O voto de Cármen Lúcia ganha contornos mais simbólicos considerando que a ministra será a próxima presidente do TSE a partir de junho do ano que vem, quando termina o mandato de Alexandre de Moraes.
Ela é quem vai comandar o tribunal durante as próximas eleições municipais, quando o PL espera utilizar Bolsonaro como cabo eleitoral para eleger 1,5 mil prefeitos em todo o país.
Entre o primeiro e o segundo turno das eleições de 2022, Bolsonaro chegou a acusar Cármen de fazer “de tudo” para que Lula se elegesse presidente. Bolsonaro também atacou a ministra por causa de decisões e votos que contrariam os interesses de seu governo.
As críticas ocorridas na reta final da eleição ocorreram após Cármen Lúcia determinar que a Polícia Federal investigasse se houve o envolvimento de Bolsonaro em um escândalo no Ministério da Educação (MEC), em um inquérito sigiloso. Como a decisão de Cármen escancarou as suspeitas sobre Bolsonaro, ele a acusou de tentar constrangê-lo em plena campanha.
“A senhora Cármen Lúcia quer me investigar, mais um constrangimento pré-eleitoral”, declarou na ocasião durante uma live nas redes sociais.
Em setembro, ela negou pedidos da equipe jurídica da campanha do PL para a retirada de vídeos da campanha de Lula que chamavam o então presidente de “genocida”.
A pouco mais de uma semana do segundo turno, ela deu uma liminar impedindo a estreia de um documentário do site Brasil Paralelo sobre o atentado a Jair Bolsonaro nas eleições de 2018. Na época, ela afirmou que esse tipo de decisão “pode ser um veneno ou um remédio” e justificou a censura pela "situação excepcionalíssima".
Outra decisão de Cármen Lúcia que irritou Bolsonaro se deu em março de 2021. Ela deu um prazo de cinco dias para o presidente da Câmara dos Deputados, Arthur Lira (PP-AL), se pronunciar sobre os pedidos de impeachment que estavam engavetados.
“Realmente acho que algo de muito errado vem acontecendo há muito tempo no Brasil”, espetou Bolsonaro, em uma live. “Eu não quero me antecipar, falar o que acho sobre isso aí. Só digo uma coisa: só Deus me tira da cadeira presidencial. E me tira, obviamente, tirando minha vida”.

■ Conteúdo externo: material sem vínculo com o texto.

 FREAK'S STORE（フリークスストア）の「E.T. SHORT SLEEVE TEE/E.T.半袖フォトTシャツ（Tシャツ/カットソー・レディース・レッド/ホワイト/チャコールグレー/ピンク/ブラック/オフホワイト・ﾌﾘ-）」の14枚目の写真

Fora do campo eleitoral, Cármen Lúcia também já fez críticas incisivas contra o então presidente em processos a respeito de sua política ambiental e de acusações de que o Ministério da Justiça tinha um dossiê sobre supostos "servidores antifascistas".
“O uso da máquina estatal para a colheita de informações de servidores com postura política contrária ao governo caracteriza desvio de finalidade e afronta aos direitos fundamentais de livre manifestação do pensamento, de privacidade, reunião e associação”, repudiou a ministra, à época.

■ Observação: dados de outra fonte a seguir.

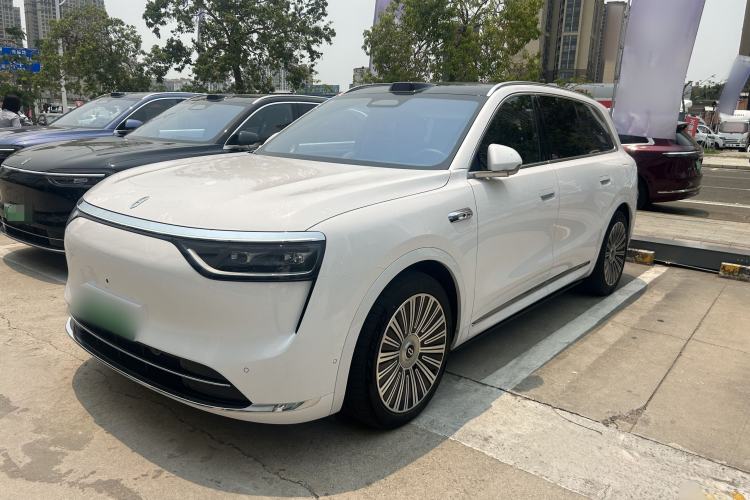 Used Hima AITO M8 2025 Extended-Range Ultra Version 53.4 kWh 6-Seater Edition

Em abril do ano passado, a ministra determinou que o governo Bolsonaro apresentasse um plano de combate ao desmatamento equivalente ao Plano de Ação para Prevenção e Controle do Desmatamento na Amazônia, diretriz oficial criada no primeiro mandato de Lula, no prazo de 60 dias.

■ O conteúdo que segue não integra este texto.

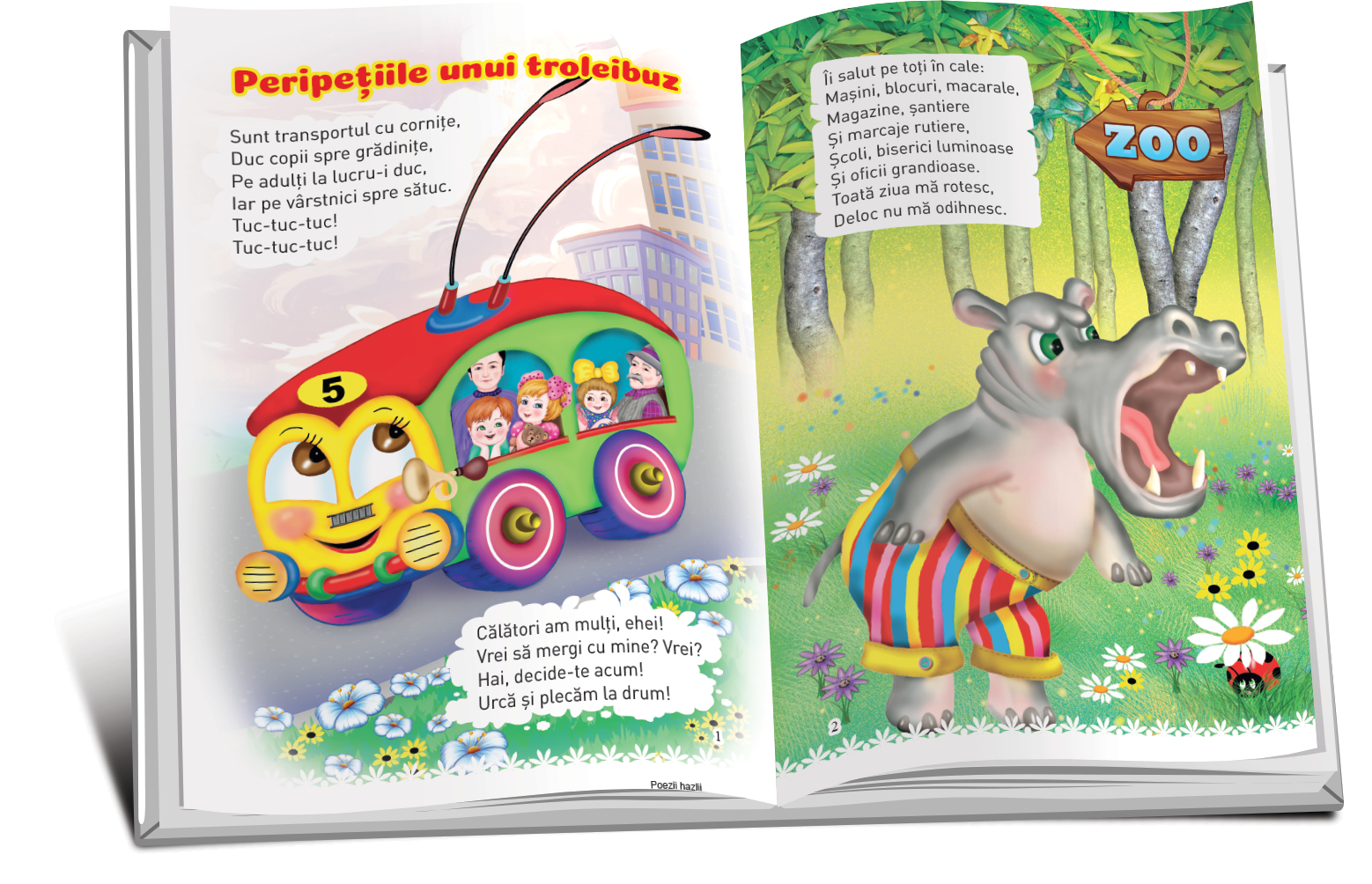 Poezii hazlii. Inesa Tăutu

Naquela oportunidade, Cármen Lúcia emitiu um duro voto no qual declarou um "estado de coisas inconstitucional” na área ambiental no Brasil, uma expressão utilizada quando tribunais reconhecem uma violação generalizada de direitos fundamentais.
“Eu temo por uma coisa que nós do direito constitucional, especialmente professores de Direito do Estado, sabemos que é a chamada caquistocracia. Tem a democracia, que é o governo dos melhores. E tem o pior dos mundos, que é a caquistocracia, os piores governando os piores”, disse a ministra na ocasião.
Para Bolsonaro, o pior dos mundos está começando a se formar agora.